Consider then that different assets have different characteristics, and therefore also require radically different methods of valuation. Every asset has at very least two parts, the underlying nature of the asset and also its ability to generate income. Both of these are used to capture this concept of value, and sometimes are used together. Income flow, or capitalization of an income rate, may be the best measure of certain assets, such as real estate subject to a long-term lease, a patent producing royalties, or other assets used as a base for the generation of income. However, not all assets are best viewed as income generators, and those that do not generate any income at all must be valued based on the nature of the asset itself, often by comparable sales if those exist.

In the field of planned giving, the determination of value comes into play in other ways--often because we are attaching a percent times some amount. In these cases, it is critical to understand what the percent is being multiplied by. That "what" is invariably value. Thus, every time you hear or see a percentage you must ask yourself, "Percent times what?"

For example, the simplest use is percent times yearly value to determine the unitrust amount. On the first day or business day of the taxable year, the trustee determines value of the trust assets. Easy, right? What about the trust that has raw land in its portfolio, or a note receivable? In the case of the note, the terms of the specific note in comparison to the prevailing rates in the market in general will be part of the value. So will the credit worthiness of the payor. Not so simple. The raw land might be contaminated, have a conservation easement on it, or be adjacent to a new lucrative shopping center. And consider all the types of assets that people transfer into CRTs, from patents to closely held stock, to exotic parcels of real estate, to annuities, to passive foreign investment company holdings.
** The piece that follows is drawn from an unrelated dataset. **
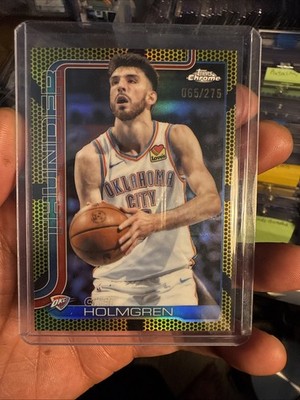 2025-26 Topps Chrome - Chet Holmgren #134 Yellow Basketball Refractor /275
All these weird assets need to be valued every year for percent times what. The right measuring stick is not always easy to find and is not always accurate. Who will the donor, the trustee, or the donee find to apply the appropriate measuring stick?

Who Determines Value?

When we think of who determines value, we generally think of appraisers. Since 1985, we also think of the term "qualified appraiser." Now, just who would choose a nonqualified appraiser if so much of our work relies on the concept of valuation, and when the exact measuring device is so hard to find? Obviously, the term qualified appraiser came about for a reason. Prior to 1985, there were many valuation abuses in the charitable field. Art gifts were overvalued regularly by several hundred percent of what the IRS determined to be the "correct value." Is there such a thing? Correct value is a strange concept in that it is not a value at all according to the well acceptable definition of willing buyer--willing seller test. Correct value is what the IRS or the courts finally determine. How does that relate to the legal definition found in the regulations under IRC Sec. 2031? Neither the IRS nor the court is a seller or a buyer, so how do they know what a willing buyer would pay? The courts get around this by saying the test is that of a hypothetical willing buyer and willing seller.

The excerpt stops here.